Ghosh, whose appointment at OYO is effective from Dec. 01, will report to Agarwal. While Ghosh will be the head for day-to-day operations, Agarwal will be a “hands-on” group head, a company spokesperson said.
The all-season man
A law graduate from Delhi University, Ghosh began his career with a legal firm, J Sagar Associates where IndiGo’s parent, InterGlobe Enterprise, was his client. He was absorbed by IndiGo in 2007, where he was promoted as CEO the very next year after Bruce Ashby resigned.
His stint was instrumental in turning IndiGo into India’s largest and most profitable airline.
It was profitable for nine consecutive years in his decade-long stint. Last month, it posted a quarterly loss for the first time since it was listed on the stock exchange three years ago.
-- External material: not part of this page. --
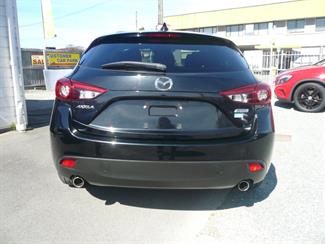 2015 Mazda Axela - Thumbnail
Ghosh also led IndiGo’s international expansion, which now contributes about 20% to the airline’s overall revenue.
Ghosh’s leadership will be crucial for OYO not just in turning it profitable but also in terms of global expansion.
“Having built a company ground up, and driven its growth and expansion, I know that very few organisations have managed a global reach—seven countries, 500+ cities, 12,000+ franchised and leased hotels, and 330,000 rooms—in such a short span, and the brand loyalty that OYO Hotels enjoys,” Ghosh said in a statement released by OYO.
Ghosh’s appointment at OYO comes after Japan’s SoftBank led an $800 million funding round for the company through its Vision Fund in September, which catapulted the five-year-old startup into the unicorn club. The funding reportedly valued OYO at about $5 billion, a major jump from its earlier valuations of about $900 million a year ago.
The company has raised up to $1.5 billion to date from investors ranging from SoftBank and Sequoia Capital to Lightspeed Venture Partners and Sunil Munjal’s Hero Enterprise.
OYO has been on a hyper-expansion mode. In 2016, it made its maiden overseas foray with Malaysia; now it has a presence across seven countries.
The company has also been experimenting with new business verticals. For example, in October, it launched OYO Living, a long-term rental product similar to NestAway. Earlier this year, the company also unveiled its premium stay option: OYO Townhouse.
For the financial year 2017, OYO’s operating revenue increased seven-fold to Rs125 crore ($174 million) from Rs17 crore in 2015-16. Its loss from continuing operations stood at Rs 330.97 crore, lower than Rs496.31 crore the previous year, owing to reduced expenses.
Now, the company is working on a leadership structure that would help it sustain and penetrate multiple verticals and geographies.
After announcing Ghosh’s appointment, OYO told Quartz that it will take a decision on the leadership of the remaining markets in due course. Currently, they are being handled by country managers under Agarwal’s leadership.
“The structure is still evolving,” a spokesperson said.